Y ella también le había enseñado con esfuerzo algunas letras: la B de bandidos, la R de Roxana («¿Lo ves, Farid? Esa letra también está en tu nombre»), la M de Meggie, la F de fuego (¿no era maravilloso que su nombre comenzase por la misma letra?) y la D… la D de Dedo Polvoriento. El resto siempre las confundía. Y es que ¿cómo podía uno recordar esas cosas extrañas con sus miembros garabateantes que se estiraban en todas direcciones? AOUIKTNP… Sólo con mirarlas le entraban dolores de cabeza, ¡pero tenía que aprender a leerlas! ¿Pues de qué otro modo iba a averiguar si Orfeo intentaba de veras escribir para traer de regreso a Dedo Polvoriento?

—¡Recortes, meros recortes! —con un juramento, Orfeo apartó de un empujón a Jaspe cuando el hombrecillo de cristal se le acercó para esparcir arena sobre la tinta fresca. Con expresión furiosa, rompió en mil jirones la hoja escrita.
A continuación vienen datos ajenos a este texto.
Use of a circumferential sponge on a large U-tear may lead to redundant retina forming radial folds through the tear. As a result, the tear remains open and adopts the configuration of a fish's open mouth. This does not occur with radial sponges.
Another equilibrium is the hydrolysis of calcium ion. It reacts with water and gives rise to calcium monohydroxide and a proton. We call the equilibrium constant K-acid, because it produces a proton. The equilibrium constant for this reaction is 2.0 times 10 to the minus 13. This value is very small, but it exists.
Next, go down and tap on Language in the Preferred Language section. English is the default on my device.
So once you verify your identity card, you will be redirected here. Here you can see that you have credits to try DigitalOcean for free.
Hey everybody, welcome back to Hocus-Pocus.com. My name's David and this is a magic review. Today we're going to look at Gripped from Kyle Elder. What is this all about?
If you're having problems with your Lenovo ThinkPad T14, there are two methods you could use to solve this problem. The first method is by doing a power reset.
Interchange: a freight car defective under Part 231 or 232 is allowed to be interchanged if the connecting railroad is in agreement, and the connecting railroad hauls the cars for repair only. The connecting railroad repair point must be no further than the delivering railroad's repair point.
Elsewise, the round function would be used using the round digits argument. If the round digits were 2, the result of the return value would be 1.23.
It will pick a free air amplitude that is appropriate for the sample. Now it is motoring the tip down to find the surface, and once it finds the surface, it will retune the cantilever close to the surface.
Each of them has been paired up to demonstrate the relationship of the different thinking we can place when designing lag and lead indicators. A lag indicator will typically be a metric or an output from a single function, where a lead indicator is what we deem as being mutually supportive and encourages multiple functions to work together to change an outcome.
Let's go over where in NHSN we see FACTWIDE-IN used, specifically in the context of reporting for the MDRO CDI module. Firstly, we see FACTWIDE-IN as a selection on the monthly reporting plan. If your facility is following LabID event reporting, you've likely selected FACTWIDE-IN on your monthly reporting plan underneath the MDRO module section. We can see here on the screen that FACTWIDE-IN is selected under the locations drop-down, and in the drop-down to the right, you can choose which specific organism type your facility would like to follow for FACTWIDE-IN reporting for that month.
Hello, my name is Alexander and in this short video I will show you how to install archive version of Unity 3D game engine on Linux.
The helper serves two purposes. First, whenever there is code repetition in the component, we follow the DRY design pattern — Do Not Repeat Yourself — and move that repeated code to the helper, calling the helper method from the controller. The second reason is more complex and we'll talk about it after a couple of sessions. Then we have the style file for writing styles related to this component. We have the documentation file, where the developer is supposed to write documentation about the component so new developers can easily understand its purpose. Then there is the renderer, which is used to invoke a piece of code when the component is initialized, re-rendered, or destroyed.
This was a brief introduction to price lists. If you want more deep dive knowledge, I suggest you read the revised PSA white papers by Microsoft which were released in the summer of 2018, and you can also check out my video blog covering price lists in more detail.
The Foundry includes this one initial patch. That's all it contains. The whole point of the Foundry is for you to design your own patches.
Farid estaba acostumbrado a esa escena. Orfeo rara vez se sentía satisfecho con lo que trasladaba al papel. Arrugaba, rasgaba, lanzaba entre imprecaciones al fuego lo que había escrito, amenazaba a los hombrecillos de cristal y bebía en exceso. Pero cuando algo le salía bien, era aún más insufrible. Entonces se inflaba como una rana toro, paseaba muy ufano por Umbra igual que un rey recién coronado, besaba a las criadas con sus labios húmedos, pagados de sí mismos, y proclamaba que no había nadie como él.

—¡Que llamen Tejedor de Tinta al viejo! —gritaba entonces por toda la casa—. Sí, el apelativo le pega, pues es un simple artesano. Yo, empero, soy un mago. Mago de Tinta, sí, así deberían llamarme. Y así me llamarán algún día.

Pero esa noche parecía que de nuevo le salían mal los encantamientos.